The Wall Street Journal hits back at staff's 'cancel culture'

24 July 2020

8:32 PM

24 July 2020

8:32 PM

Last month, the New York Times published an opinion piece by the US senator, Tom Cotton, calling for the army to be used to quell rioters during the Black Lives Matter protests. Despite this proposition being supported by 52 per cent of Americans, the paper’s staff were not happy about its publication, and many publicly said the piece’s mere existence put their lives in danger.

Shortly afterwards, an ‘Editors’ Note’ was added to the piece and James Bennett, who had defended publishing the article, resigned from his position as editorial page editor. At the slightest sign of pressure from its staff, the Times completely buckled.


Over at the Wall Street Journal, it appeared that a similar dynamic might be playing out this week, after 280 of its journalists signed a letter to their publisher, complaining about the spread of ‘misinformation’ in the paper’s opinion section. The letter argued that recent pieces in the section, including a piece by Vice President Mike Pence, were unacceptable.

It appears though that the opinion section of the paper aren’t taking the attack lying down. This morning, its editorial board published a response, and promised to continue to ‘offer an alternative to the uniform progressive views that dominate nearly all of today’s media.’

The response is worth a read in full:

 

We’ve been gratified this week by the outpouring of support from readers after some 280 of our Wall Street Journal colleagues signed (and someone leaked) a letter to our publisher criticising the opinion pages. But the support has often been mixed with concern that perhaps the letter will cause us to change our principles and content. On that point, reassurance is in order.

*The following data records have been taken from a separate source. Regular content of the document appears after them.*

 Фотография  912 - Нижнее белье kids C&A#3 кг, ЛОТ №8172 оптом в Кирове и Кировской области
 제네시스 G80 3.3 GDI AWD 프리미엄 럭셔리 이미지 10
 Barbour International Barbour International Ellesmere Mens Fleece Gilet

In the spirit of collegiality, we won’t respond in kind to the letter signers. Their anxieties aren’t our responsibility in any case. The signers report to the News editors or other parts of the business, and the News and Opinion departments operate with separate staffs and editors. Both report to Publisher Almar Latour. This separation allows us to pursue stories and inform readers with independent judgment.

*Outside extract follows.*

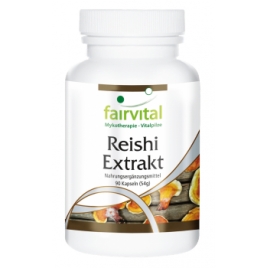 Extracto de Reishi - 90 cápsulas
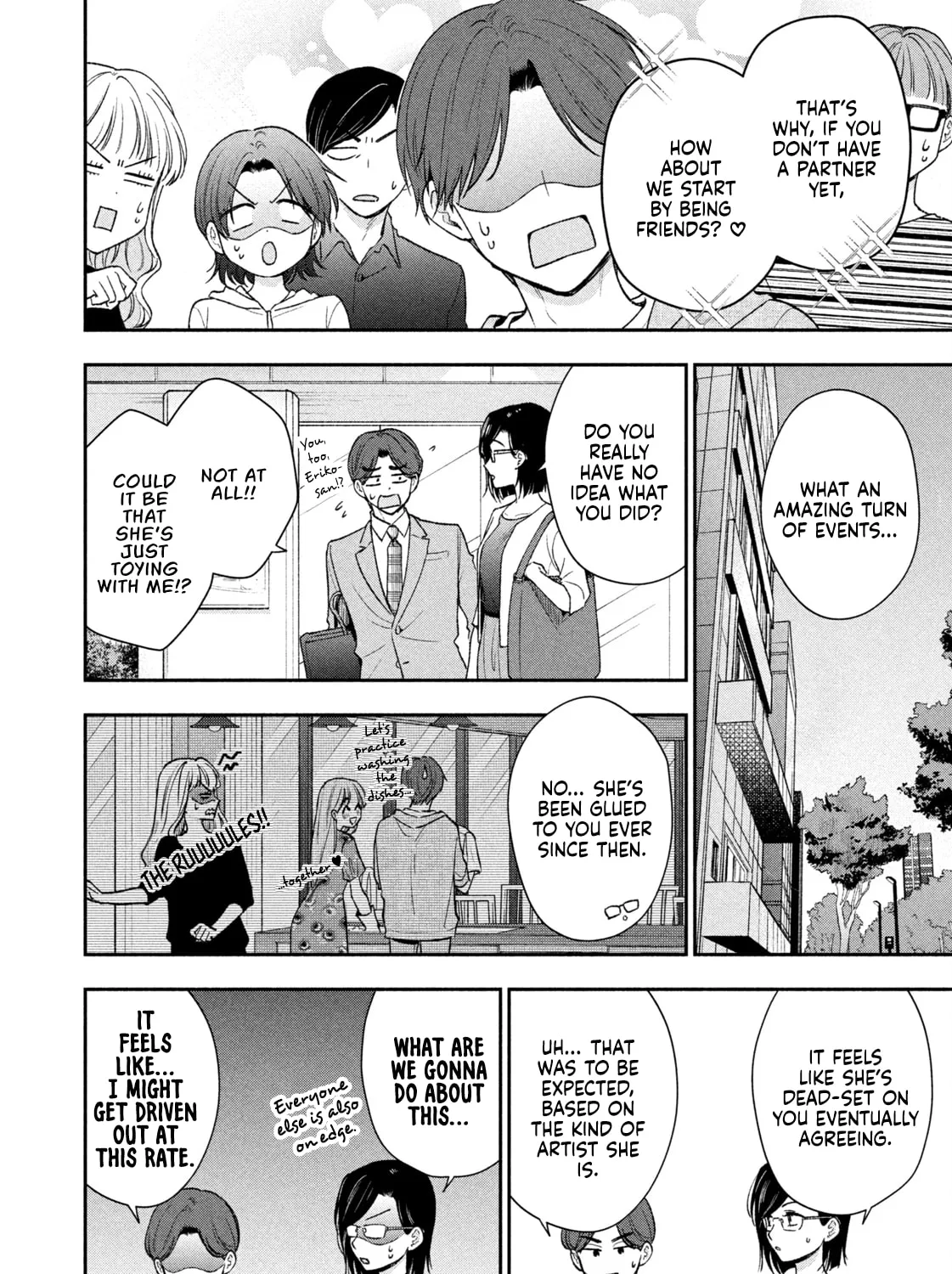 Dramatic Love Starts from the Basics Chapter 38 page 7 -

It was probably inevitable that the wave of progressive cancel culture would arrive at the Journal, as it has at nearly every other cultural, business, academic and journalistic institution. But we are not the New York Times. Most Journal reporters attempt to cover the news fairly and down the middle, and our opinion pages offer an alternative to the uniform progressive views that dominate nearly all of today’s media.

As long as our proprietors allow us the privilege to do so, the opinion pages will continue to publish contributors who speak their minds within the tradition of vigorous, reasoned discourse. And these columns will continue to promote the principles of free people and free markets, which are more important than ever in what is a culture of growing progressive conformity and intolerance.